# Zurück aus Florida



## norge_klaus (3. Oktober 2004)

Hi Boardies,

wir sind nach einem tollen Urlaub in Florida wohlbehalten wieder zu Hause gelandet. Das Angeln war in diesem Urlaub zwar nur zweitrangig, aber einen ausführlichen Angelbericht wird es trotzdem geben. In Key West haben wir
im Hafen beim Spazieren gehen  einen netten Bootskäpten kennengelernt, der noch zwei Leute für eine ganztägige Splitcharter gebrauchen konnte. Es sollte ein toller Angeltag werden. Über die Fänge inkl. einiger Fotos demnächst hier mehr ! 

Liebe Grüße von Stadtmaus + Norge_Klaus


----------



## Sailfisch (3. Oktober 2004)

*AW: Zurück aus Florida*

Skandal! Da machst du uns doch tatsächlich erstmal nur die Nase lang! Sofort losschreiben!!! Wir wollen Bilder sehen!!!  |supergri  |supergri  |supergri  |supergri  |supergri


----------



## guifri (4. Oktober 2004)

*AW: Zurück aus Florida*

hi,

schau mal hier:

wenn du ein paar tipps für mich bzw. für die familie hast, dann antorte mir doch bite im anhängenden thread.

wie sieht es eigentlich mit sturmschäden aus??
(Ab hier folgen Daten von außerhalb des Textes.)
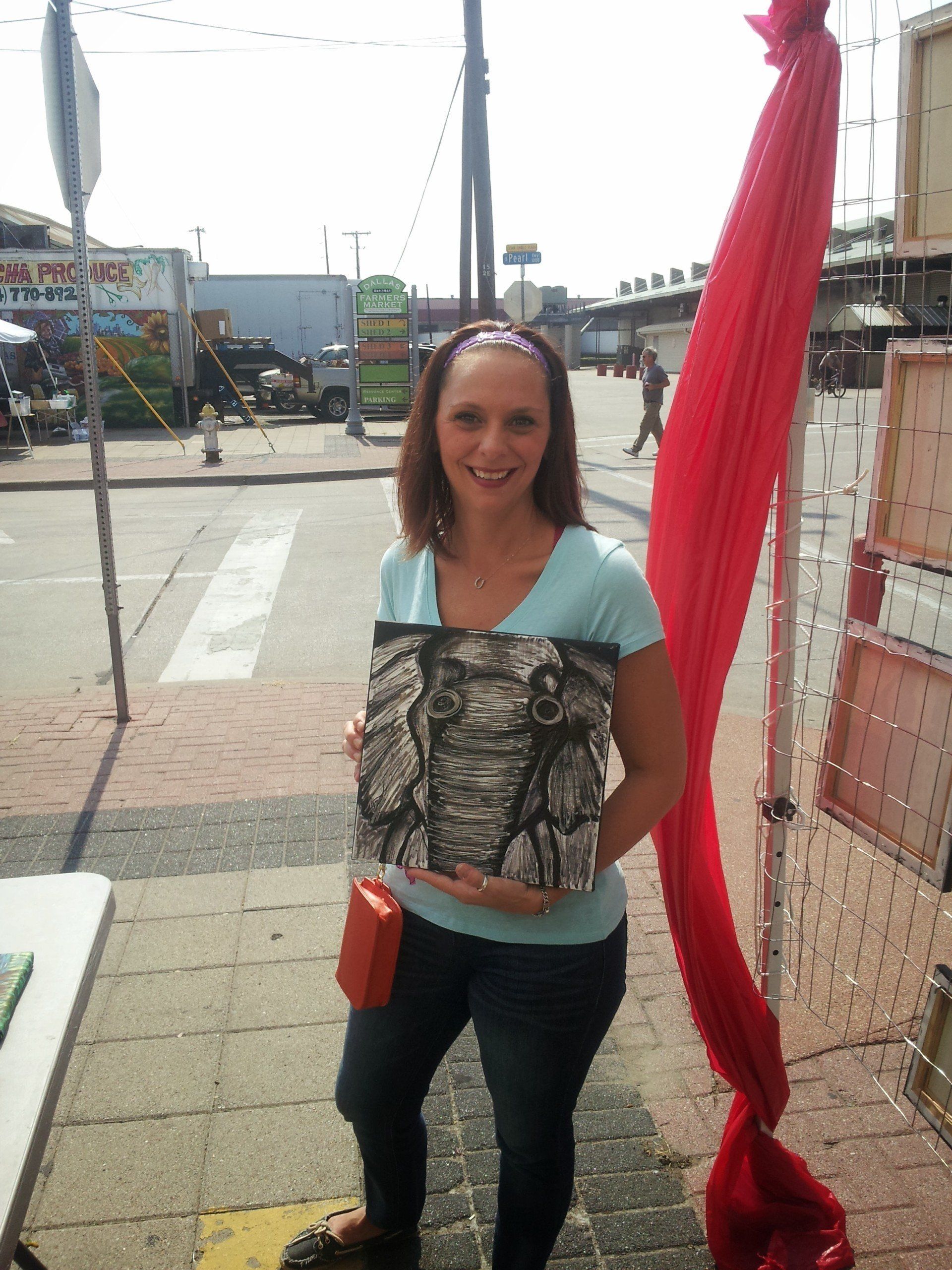A woman in a blue shirt is holding a purse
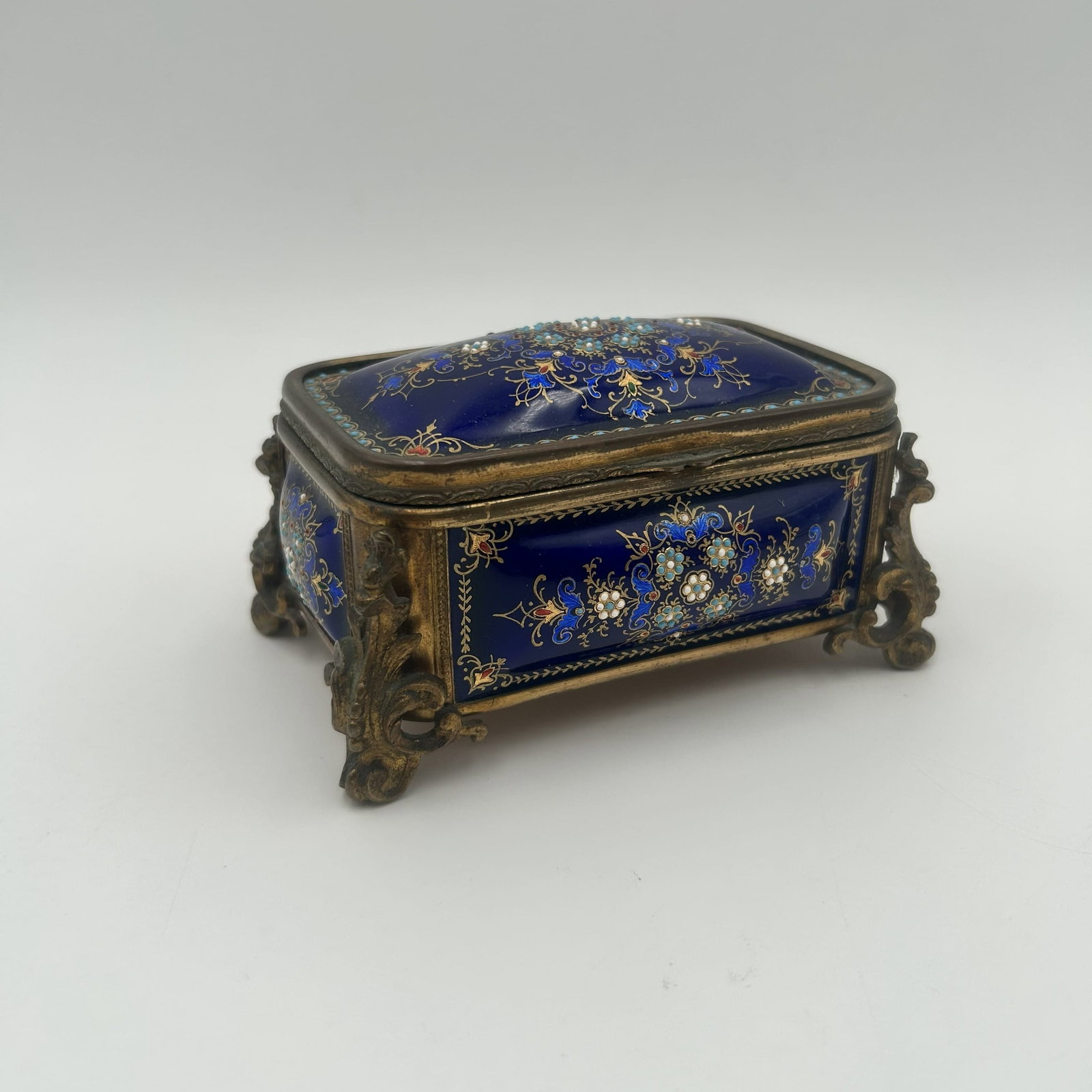 Antique Napoleon III French Kiln-fired Cobalt Enamel Jewelry Box, "Jeweled": This is an antique Napoleon III French kiln-fired cobalt enamel jewelry box. Ornate 'jewel' like decoration on cobalt blue convex enamel panels on all sides, scrolling cabriole style legs and in wonde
http://anglerboard.doks-pages.de/board/showthread.php?t=36011


----------



## Seeteufelfreund (4. Oktober 2004)

*AW: Zurück aus Florida*

Laß dir ruhig Zeit,ich nehme sie mir auch.
 Bin aber natürlich auch gespannt wie es dort drüben war.....

 Petri Seeteufelfreund


----------



## Nick_A (4. Oktober 2004)

*AW: Zurück aus Florida*

Hi Klaus #h

uiuiui...zuerst einen "HEIß" machen und dann kalt hängen lassen...das ist nicht fair :c :c :c

Auf, auf...schnell den Bericht reinstellen und tolle Bilderchen!  :q

Grüßle #h
Robert


----------



## Jirko (4. Oktober 2004)

*AW: Zurück aus Florida*

hallo ihr beiden #h

nen herzliches welcome back in D... schön, daß ihr wieder unter uns weilt #6 klingt schonmal nach´n aufregenden tagestrip... freu mich auf mehr #h


----------